Kucium tangannya yang kurus. Kubantu ia duduk di sofa. Sementara aku duduk di lantai dekatnya. Kupegang erat tangannya selama kami berbincang.
“Ibu maaf, aku baru datang lagi ke sini!” kataku membuka obrolan.
“Nggak apa-apa. Kan sibuk?” ujarnya pelan.
Aku merasa malu dengan jawabannya.
“Harusnya aku ngga boleh gitu, Bu! Harusnya aku sering-sering jenguk ibu!”
Kupandangi wajahnya yang kian tirus. Tubuhnya terbalut mukena putih. Bu Sari hanya menjawab dengan senyum.
Tak lama suasana pun mencair. Kami mulai mengobrol banyak hal, seperti biasa. Terkadang ia tertawa kecil karena lelucon yang kubuat.
“Jangan ikhlas, tapi belajar ikhlas”, kata Bu Sari singkat. Kalimat itu terlontar ketika ia menyampaikan perasaan atas keadaannya.
Aku tertegun mendengarnya. Di saat seperti ini ia masih memberiku pelajaran berharga.
“Ibu, terima kasih. Terima kasih atas nasihat dan semua kebaikan yang Ibu perbuat,” kataku sambil terisak.
Adzan Ashar mengingatkanku untuk segera pamit. Dengan berat hati aku meninggalkan kediamannya.
Sejak pertemuan itu kami tetap rajin bertukar kabar. Sampai kudengar seminggu kemudian Bu Sari dilarikan ke rumah sakit Jakarta karena kondisinya menurun.
“Ikhlaskan ketentuan Allah akan Bu Sari. Apapun hasilnya. Ikhlas, ikhlas!” tegas seorang rekan kerjaku.
Saat itu kami sedang berada di parkiran, berbincang singkat tentang kondisi Bu Sari.
“Ya Bu, aku akan belajar ikhlas,” ujarku sambil terisak. Teringat ucapan Bu Sari kala menyebut belajar ikhlas.

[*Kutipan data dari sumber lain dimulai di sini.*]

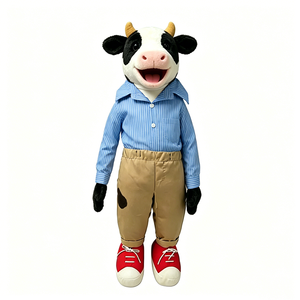 Marioneta de vaca de peluche, marioneta de vaca para la mano, marioneta de animal suave - Product Image 1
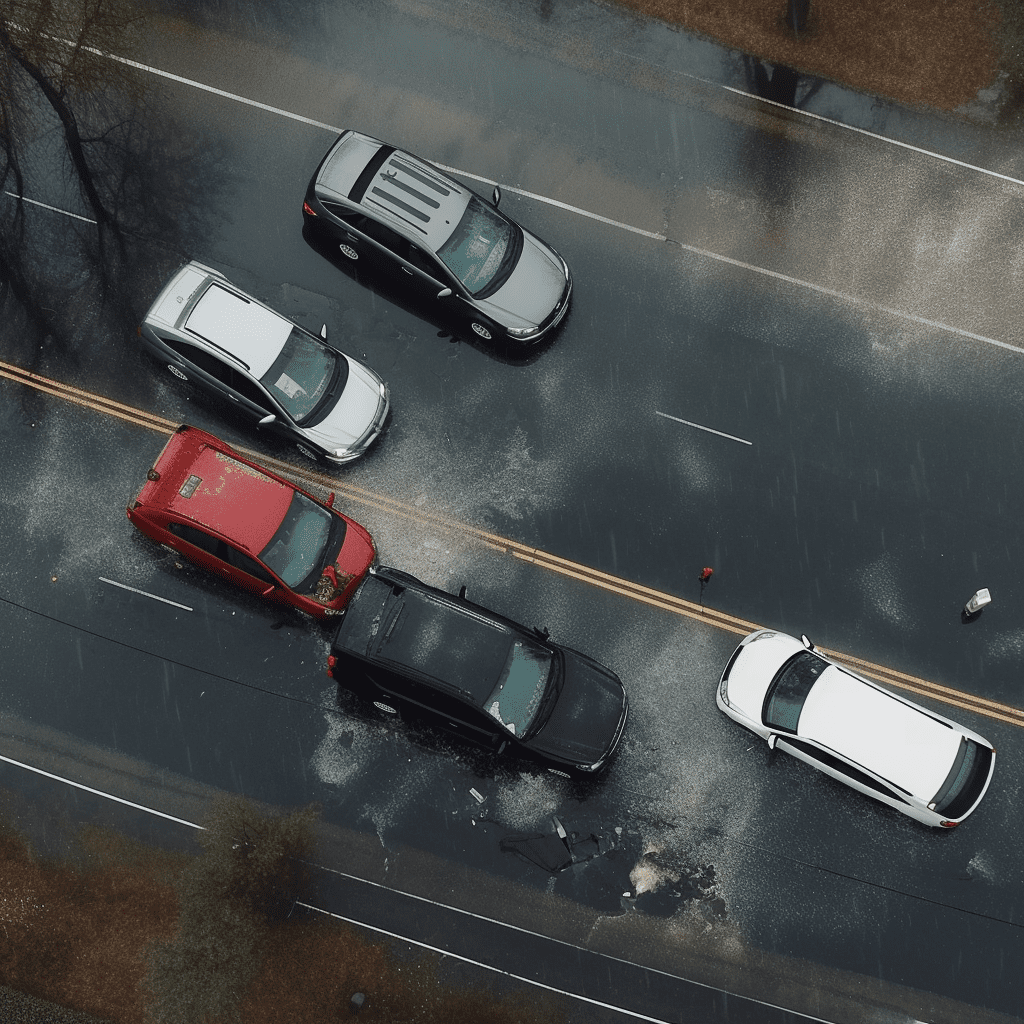 A multi-car crash on a rainy day.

Malam 15 Ramadhan, kumatikan ponsel dengan berat hati. Saat terbangun waktu sahur, kubuka ponselku.
Jantungku berdegup kencang. Tubuh terasa lemah lunglai. Air mata tak terbendung lagi. Ucapan duka ramai di berbagai wa grup dan wa pribadiku sejak pukul 22.00.
“Ikhlas. Bersyukur kamu masih bisa menjenguknya dan Almarhumah mengingatmu dengan baik,” hibur suamiku.
“Aku mengangguk. Mencoba belajar iklhas meskipun hati ini remuk.
“Bu, lewat Jalan Merkurius saja ya?”
Ucapan driver online itu kembali menggugah lamunanku. Ternyata kami sudah keluar tol. Dari balik kaca spion ia melihat mataku yang sembab.
“Ibu baik-baik aja?” tanyanya lagi.
Aku mengangguk. Mengiyakan dua pertanyaannya.
Kupandang buku Yasin bersampul wajahmu, Bu Sari. Buku yang kudapat tadi sore saat menghadiri pengajian 40 hari kepergianmu. Aku ikut tersenyum melihat fotomu berpose sambil tersenyum ceria.
Tak hanya paras dan hatimu yang cantik. Kau pun pergi di momen cantik, malam 15 Ramadhan 1442 H.
Banyak yang kehilanganmu, Bu. Tak jarang aku menitikkan air mata kala mengingatmu. Pun saat aku menulis memoar ini.
Tapi aku tetap akan belajar ikhlas, seperti katamu. Husnul khotimah untukmu, Ibu.